The slim, attractive woman, who is single and whose demanding job with a fast-growing IT venture makes her miss the last train home almost daily, had already told Inoue her shopping priorities of the day: A long, down jacket; a pair of long, leather boots; a bag to match the coat; and maybe a snazzy one-piece dress, too — so long as they all stay within her budget of 200,000 yen. Inoue, through e-mail exchanges and the previous shopping trip with the client, knew the woman’s style preferences (“casual yet elegant”), and she had already browsed stores in the area and picked out her recommendations beforehand. So the shopping session progressed smoothly, with Inoue keeping her professional smile intact and leading the way, while the career woman simply followed her into one store after another and tried on the suggested items. Inoue asked all the questions, requested different sizes from clerks and even decided which color of dress her client would try on. All the client had to do was to put them on, stand in front of the mirror and, of course, pay for the clothes she chose.

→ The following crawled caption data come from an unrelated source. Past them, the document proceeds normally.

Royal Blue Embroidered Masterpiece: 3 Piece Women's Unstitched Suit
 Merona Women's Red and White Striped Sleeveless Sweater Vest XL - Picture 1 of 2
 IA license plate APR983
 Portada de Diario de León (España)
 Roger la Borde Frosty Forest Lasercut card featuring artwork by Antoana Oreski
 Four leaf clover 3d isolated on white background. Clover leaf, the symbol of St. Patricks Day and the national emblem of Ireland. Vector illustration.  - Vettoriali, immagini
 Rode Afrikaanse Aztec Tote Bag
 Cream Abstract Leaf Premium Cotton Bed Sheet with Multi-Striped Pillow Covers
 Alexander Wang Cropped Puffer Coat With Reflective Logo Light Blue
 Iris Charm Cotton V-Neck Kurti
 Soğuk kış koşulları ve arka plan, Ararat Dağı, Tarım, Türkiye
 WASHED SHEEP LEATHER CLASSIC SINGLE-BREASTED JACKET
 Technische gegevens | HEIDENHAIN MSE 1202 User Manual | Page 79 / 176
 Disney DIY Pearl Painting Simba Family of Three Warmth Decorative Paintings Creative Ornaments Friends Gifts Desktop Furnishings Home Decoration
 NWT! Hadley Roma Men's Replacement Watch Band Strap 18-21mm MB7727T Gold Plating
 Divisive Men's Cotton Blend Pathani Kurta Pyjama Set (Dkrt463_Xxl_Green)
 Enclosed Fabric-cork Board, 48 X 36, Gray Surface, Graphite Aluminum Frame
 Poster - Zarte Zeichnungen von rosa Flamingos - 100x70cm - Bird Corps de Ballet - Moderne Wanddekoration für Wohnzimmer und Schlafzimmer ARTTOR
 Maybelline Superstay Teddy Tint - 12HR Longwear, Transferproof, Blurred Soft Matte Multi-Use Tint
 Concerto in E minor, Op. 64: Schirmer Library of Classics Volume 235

Despite the beginning-of-the-year bargain-hunting crowd, the whole session lasted only about two hours, and every time the career woman got a bag of clothes, Inoue reached for it and carried it for her.

While she stayed professional throughout, Inoue emphasized that it was her experience as a thrifty mom, rather than her fashion expertise, that made her stand out as a personal stylist. “I’m a housewife after all,” she said, pulling the fabric of a dress with her hands to test its sturdiness. “I don’t want anyone’s money to be wasted.”